WHAT NEEDS TO BE DONE: Copy out precisely the lines from the start of the data through the line with "Sepatu Kets Gucci", and keep pictures out of it.

COLLECTED MATERIAL:

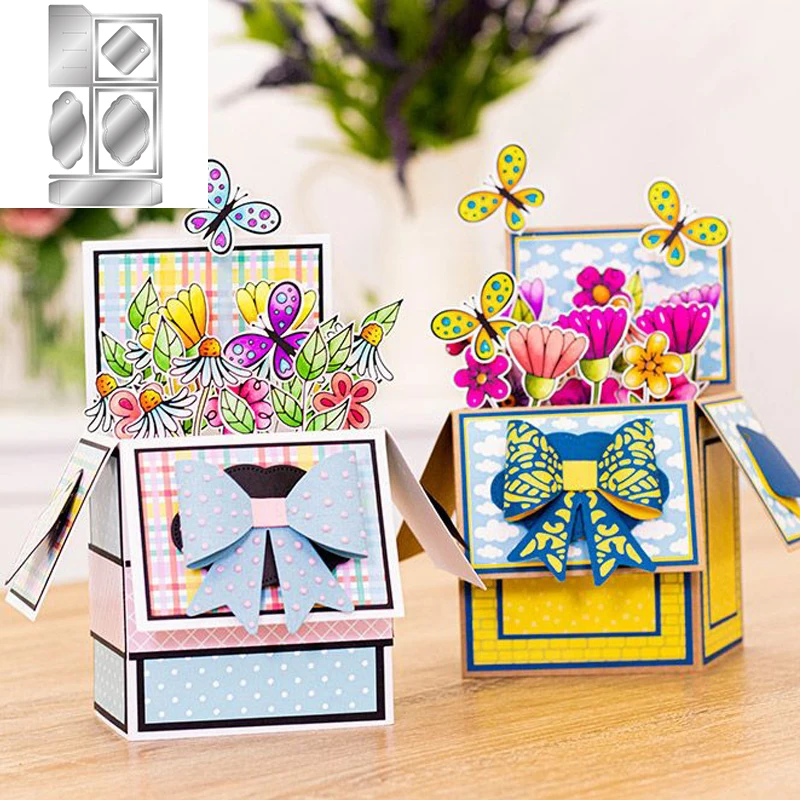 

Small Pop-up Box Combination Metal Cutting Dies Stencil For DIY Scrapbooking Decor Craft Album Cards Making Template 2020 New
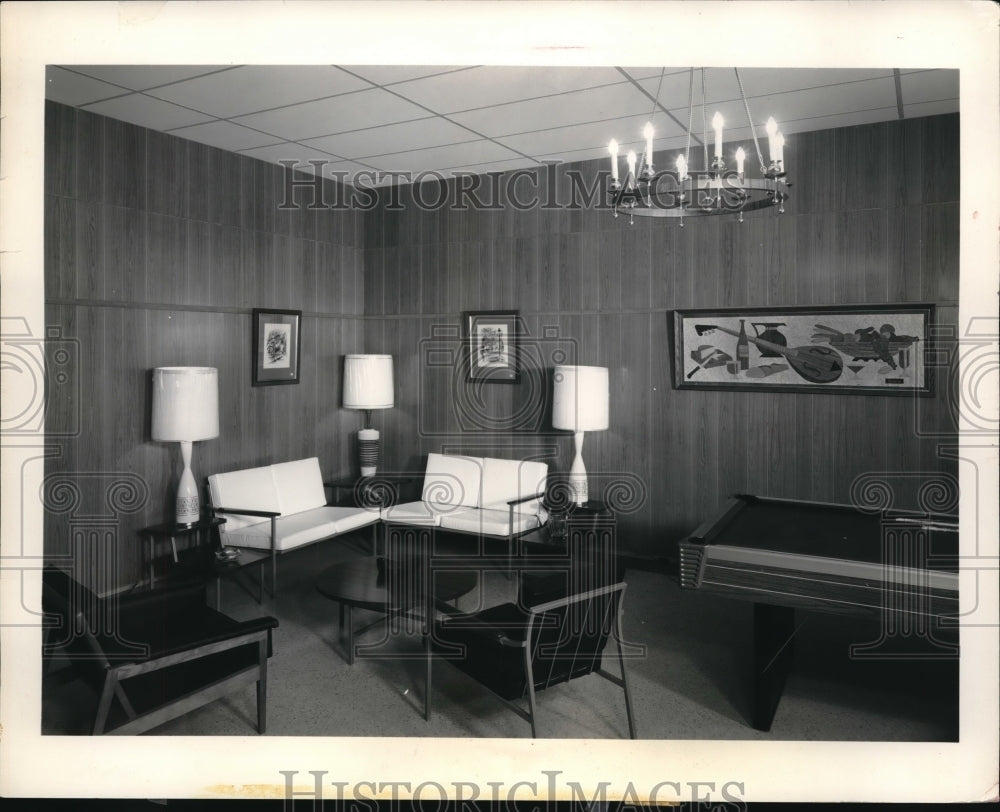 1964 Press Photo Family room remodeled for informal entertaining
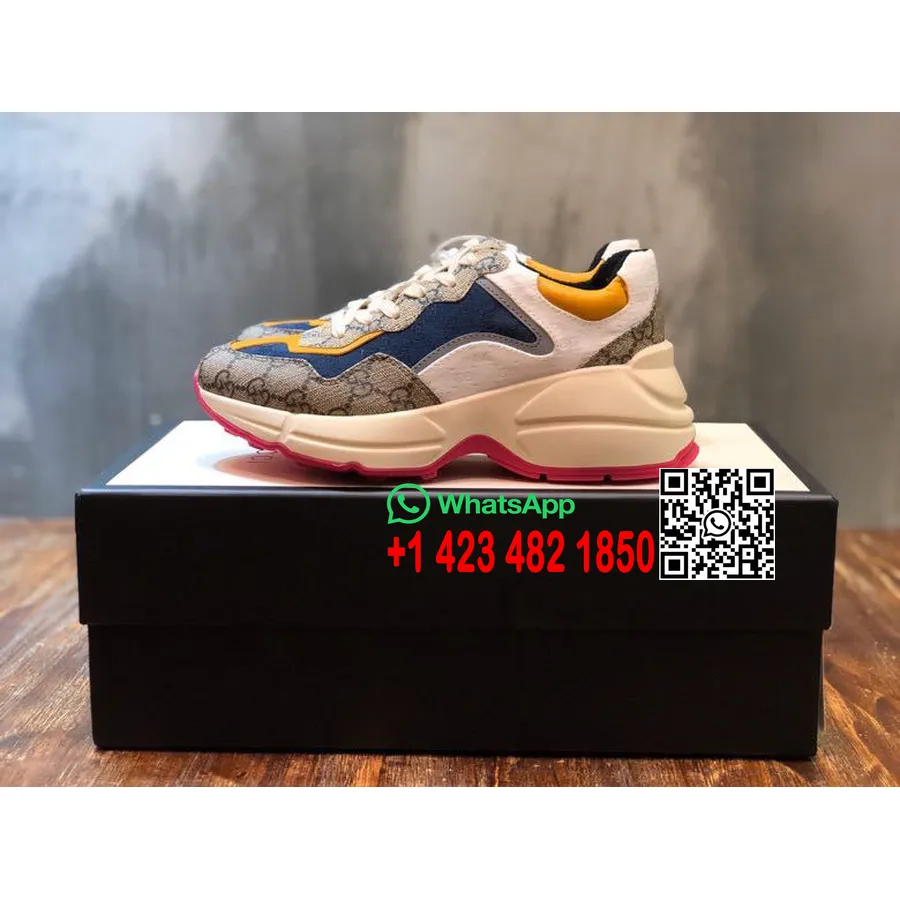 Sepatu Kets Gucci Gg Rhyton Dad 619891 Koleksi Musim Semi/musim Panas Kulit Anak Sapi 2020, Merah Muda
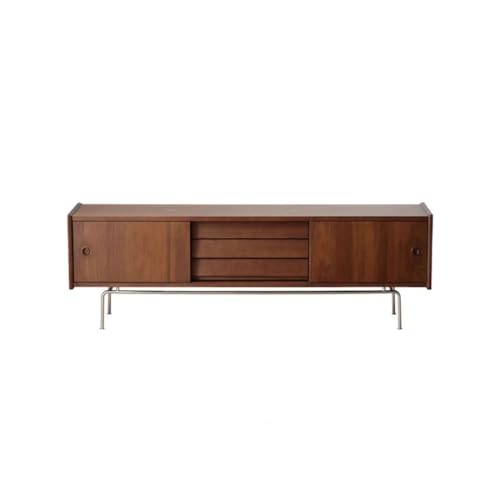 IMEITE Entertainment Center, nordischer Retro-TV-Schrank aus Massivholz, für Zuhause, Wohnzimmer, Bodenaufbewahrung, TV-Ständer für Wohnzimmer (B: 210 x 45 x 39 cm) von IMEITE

ANSWER FOR THIS EXERCISE:
Small Pop-up Box Combination Metal Cutting Dies Stencil For DIY Scrapbooking Decor Craft Album Cards Making Template 2020 New
 1964 Press Photo Family room remodeled for informal entertaining
 Sepatu Kets Gucci Gg Rhyton Dad 619891 Koleksi Musim Semi/musim Panas Kulit Anak Sapi 2020, Merah Muda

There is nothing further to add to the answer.